**Data below:**
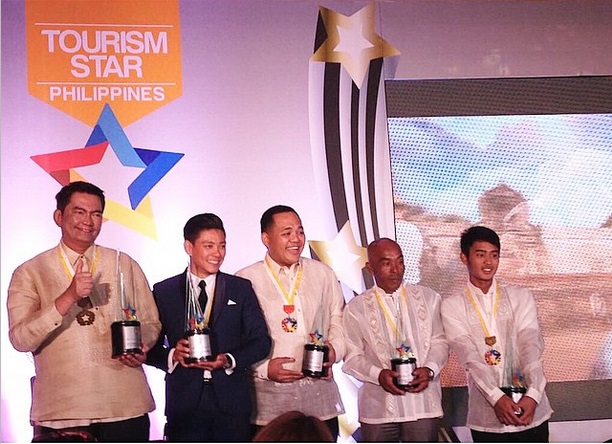 Awarded last night at the Fairmont Hotel were (L-R) Albay Governor Joey Salceda for the Local Chief Executive category, Biyahe ni Drew TV host and blogger Anton Diaz of for the Media category, and dive master Bobby Adrao and local tour guide Andoy Dalimag for the Individual category. Screengrab from Tourism Stars Instagram account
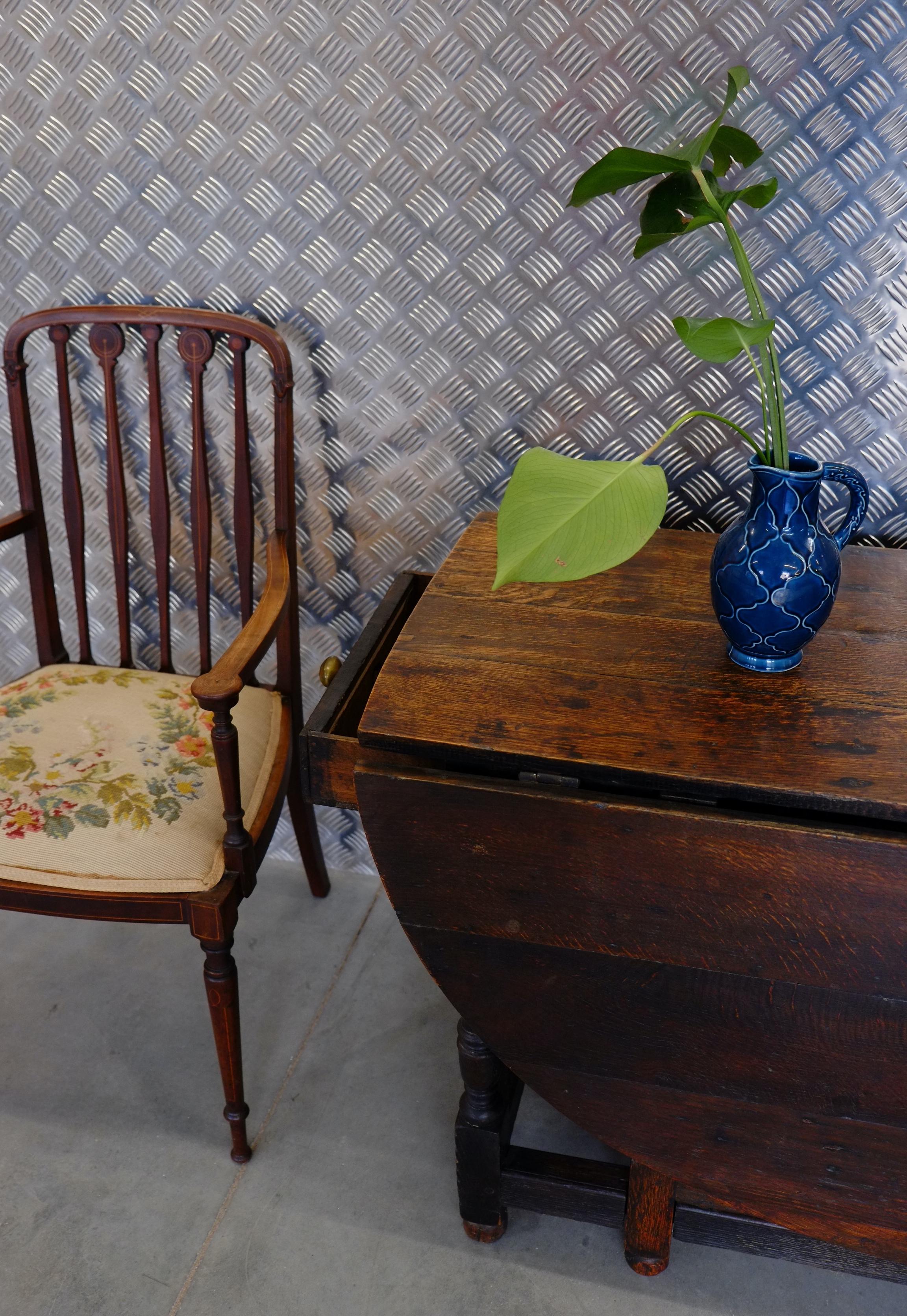 19th Century English Oak Plank Top, Drop Leaf, Large Wide Oval Dining Table In Good Condition For Sale In Leicester, GB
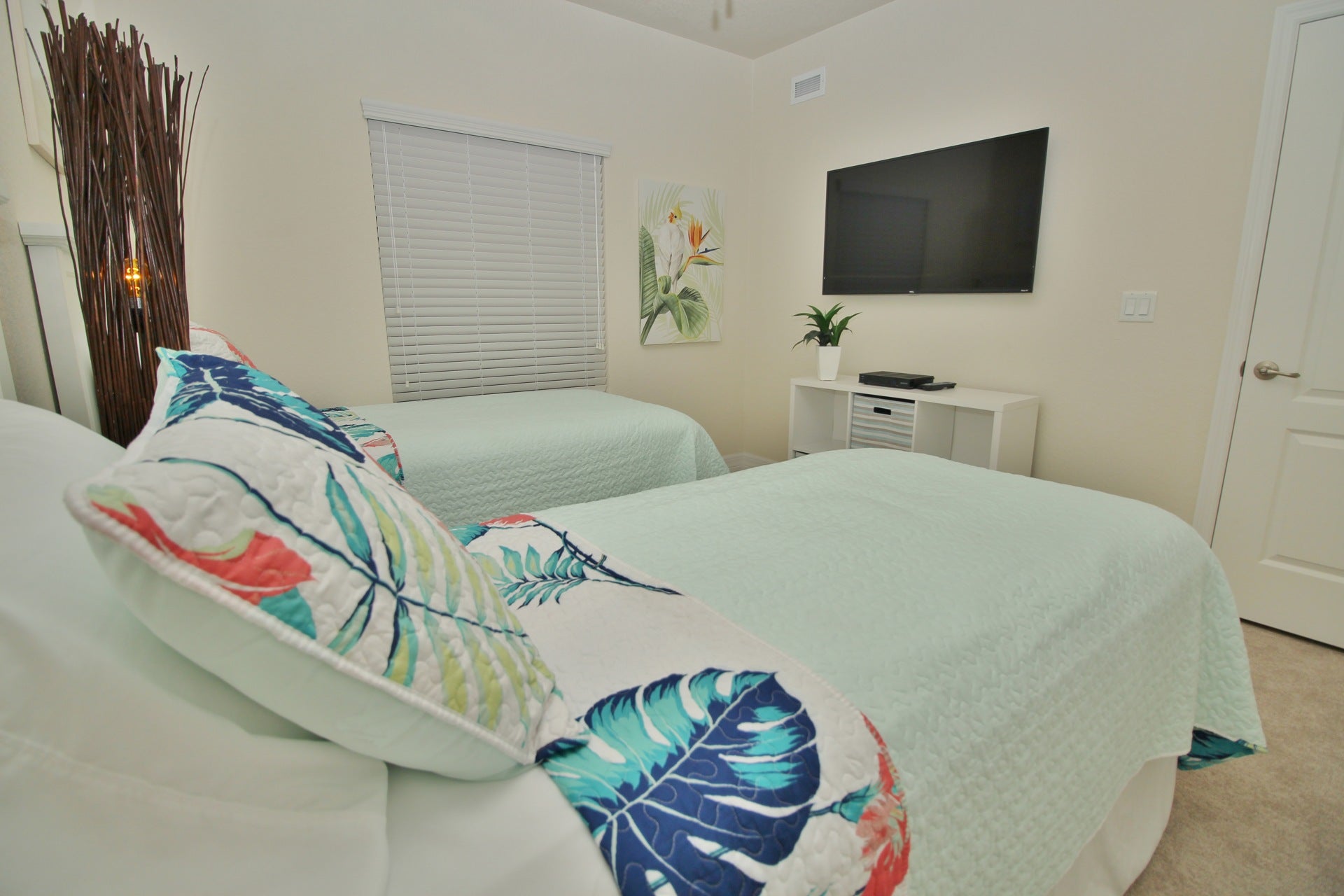 Tropical theme in third bedroom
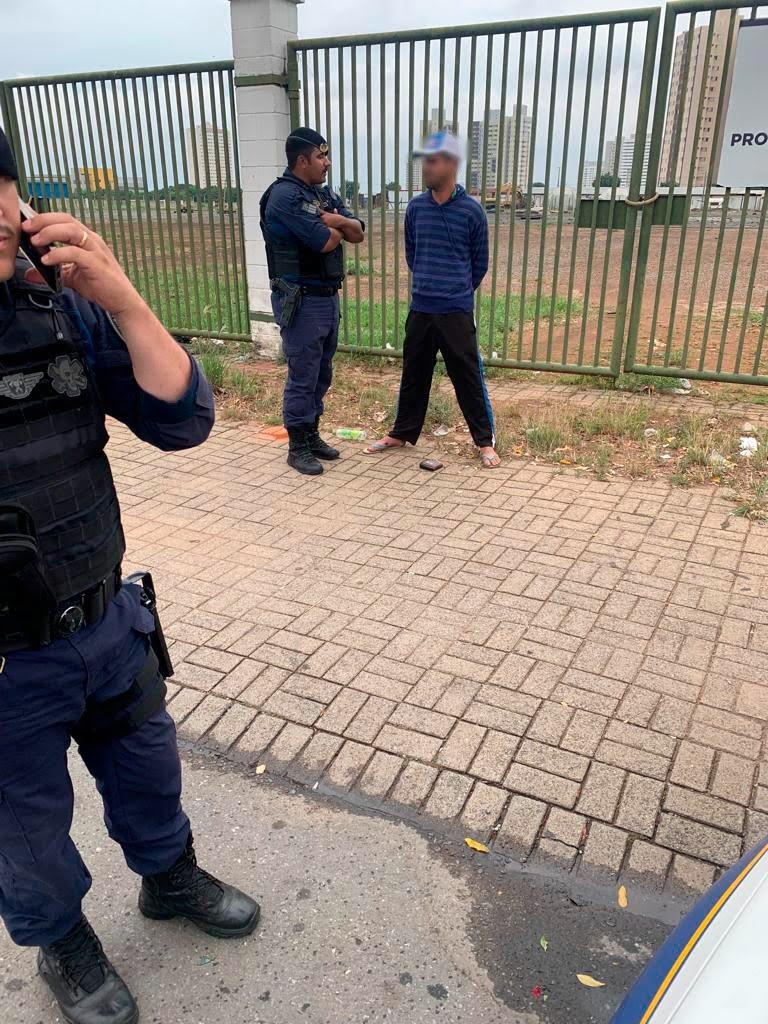 Batata-doce cortada em cima de tábua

**Work to complete:** Your reply should hold every line of the material, unaltered, and not one picture.

**Exercise response:**
 Awarded last night at the Fairmont Hotel were (L-R) Albay Governor Joey Salceda for the Local Chief Executive category, Biyahe ni Drew TV host and blogger Anton Diaz of for the Media category, and dive master Bobby Adrao and local tour guide Andoy Dalimag for the Individual category. Screengrab from Tourism Stars Instagram account
 19th Century English Oak Plank Top, Drop Leaf, Large Wide Oval Dining Table In Good Condition For Sale In Leicester, GB
 Tropical theme in third bedroom
 Batata-doce cortada em cima de tábua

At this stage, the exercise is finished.